The American Civil Liberties Union wants police agencies in Arizona to train their officers to use their Tasers and similar devices less frequently.
A study by the group's Arizona chapter, released Tuesday, contends that officers too often use the electronic stun device when a lesser response, like pepper spray or use of a baton, would suffice. Annie Lai, the group's staff attorney, said police departments should have policies in place which allow use of these weapons "only when there's an imminent threat to life or safety of the officer or another person.''
To back up the contention of overuse of Tasers, the group cited what it said was its study of 20 different police agencies around the state and the circumstances under which officers would be allowed to use them. And in many cases, the report said the departments' policies were silent.
Frances Bernat, a criminology and criminal justice professor at Arizona State University, said that lack of policies suggests that officers are not adequately training on when a Taser should -- and should not -- be used.
But officers from several agencies told Capitol Media Services they had never been contacted by the ACLU. More to the point, they said their agencies do have very detailed policies.
For example, Deputy Dawn Barkman of the Pima County Sheriff's Department said her agency prohibits the use of a Taser on women known to be pregnant, any in danger of falling from a significant height or solely for escorting or prodding individuals.
Kevin Treadway, deputy police chief in Flagstaff, detailed similar specific policies. And Sgt. Diana Lopez of Tucson Police Department, said her agency's policies spell out exactly when officers can use such force.
"Of course, we're not going to be so specific you can only use it on a fleeing subject,'' Lopez explained. She said officers need to be able to use some discretion based on individual circumstances.
That's also the belief of Lt. Justin Griffin of the Maricopa County Sheriff's Department who at one time actually was a Taser training officer.
"How can any agency say you can use a Taser specifically in this situation but not in this situation?'' he said.
Griffin said his department does require its deputies to consider issues like the possibility of someone falling, being pregnant, intoxicated or even someone covered in alcohol or gasoline, considerations he said are necessary because "there's been so many weird, freakish things that have happened across the U.S. because of Tasers.''
That still leaves the ACLU's contention that officers are using the Taser far more than necessary.
Bernat, who conducted the study for the ACLU, said the whole idea of the Taser was that it would be an alternative to police using deadly force. But she said records of several agencies shows that the number of police-involved shootings has remained constant even after police officers were issued Tasers. She said that suggests officers are using the weapon not as a substitute for a gun but as an option instead of chemical sprays.
All that, Bernat said, shows that Tasers are being deployed in situations she believes are inappropriate.
But Silverio Ontiveros, a retired commander with Phoenix Police Department who worked with the ACLU on the issue, said he believes the restrictions the organization wants to put on Taser use may be inappropriate.
He said each police department trains its officers. But Ontiveros said it is up to each officer to interpret that training in the light of the situation that presents itself.

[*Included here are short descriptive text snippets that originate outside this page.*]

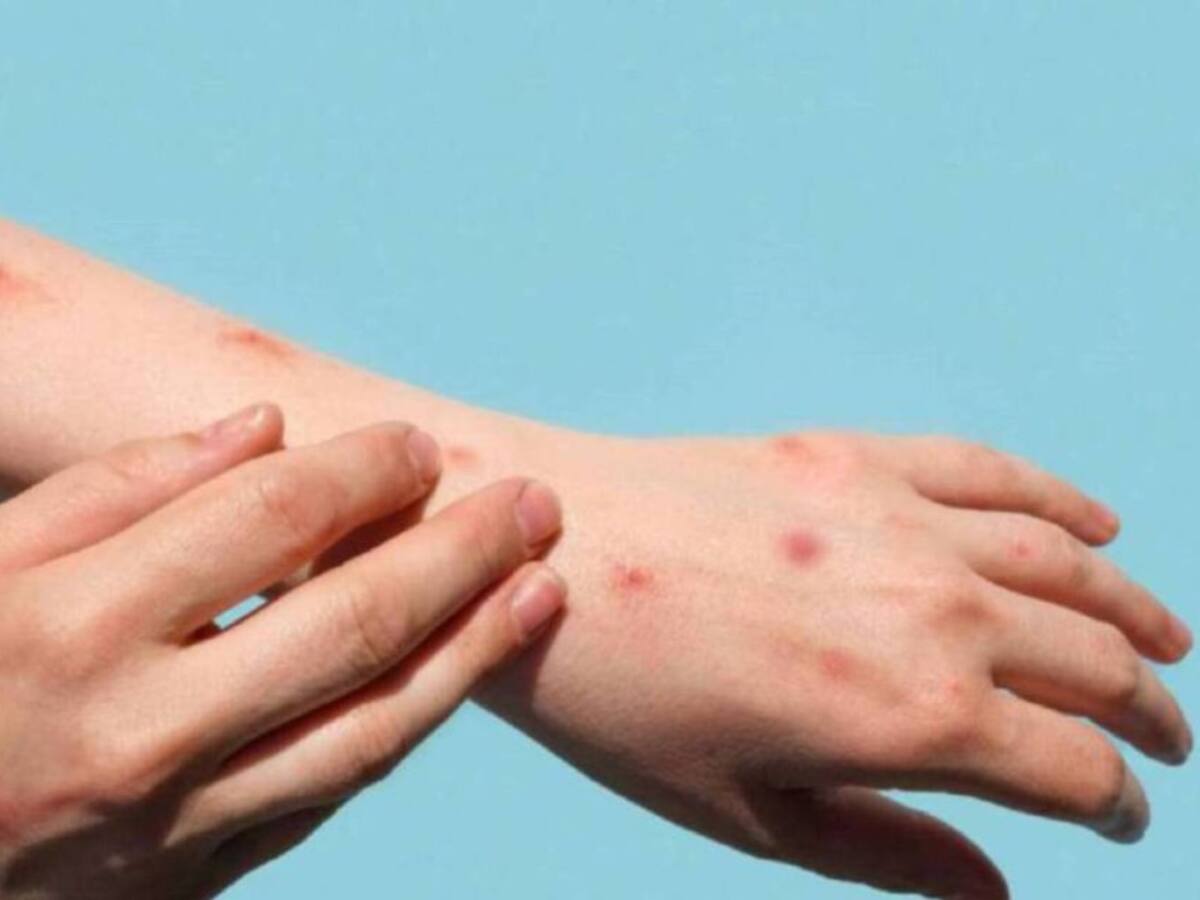 En septiembre se han duplicado los casos de viruela del mono en Risaralda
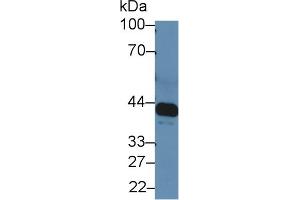 Western blot analysis of Rat Serum, using Rat IL6R Antibody (5 µg/ml) and HRP-conjugated Goat Anti-Rabbit antibody ( (IL-6 Receptor Antikörper  (AA 214-348))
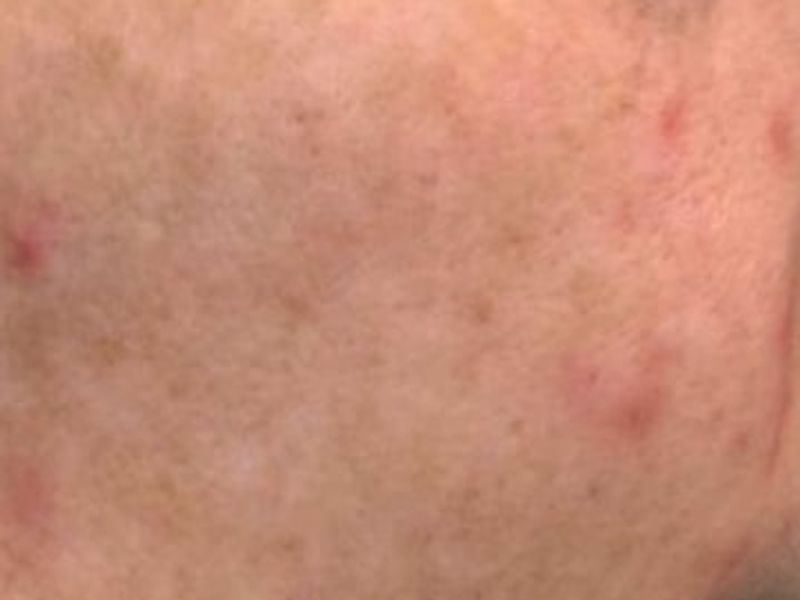 Before Secret Pro by Cutera for skin damage - Montreal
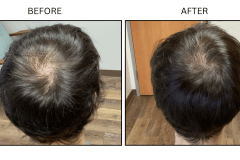 LB Medical Hair Loss - Patient14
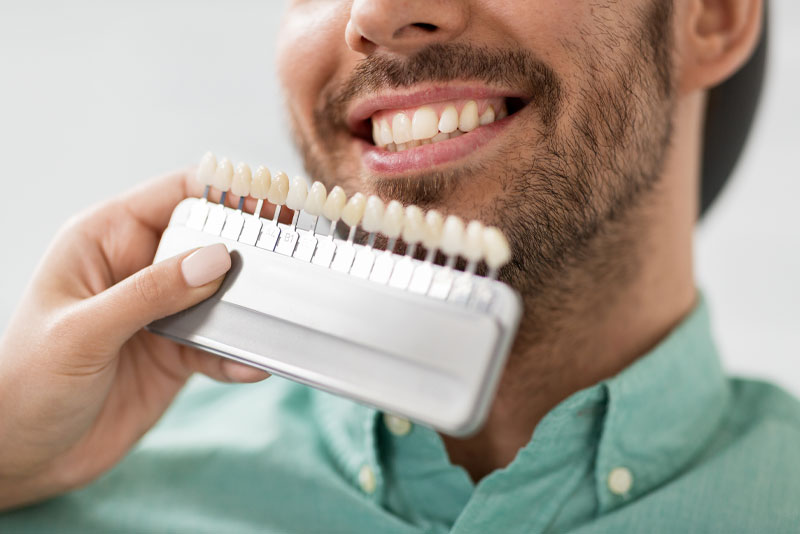 dental veneers patient smiling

"So you do have to give them some ability to logically take their training and use it in a way that benefits the community and allows him or her to get home safely at the end of the shift,'' he said.
Lai said her organization is not trying to be overly restrictive. She said the ACLU would permit the use of Tasers not only in life-threatening situations but also cases of "active aggression'' against a police officer.
"We're not trying to handcuff officers,'' Lai said, but to try to ensure that these devices are used only when appropriate.
"In many cases, officers go for the Taser as a first instinct rather than being trained in a situation to de-escalate a situation or using alternative, less-severe uses of force,'' she said.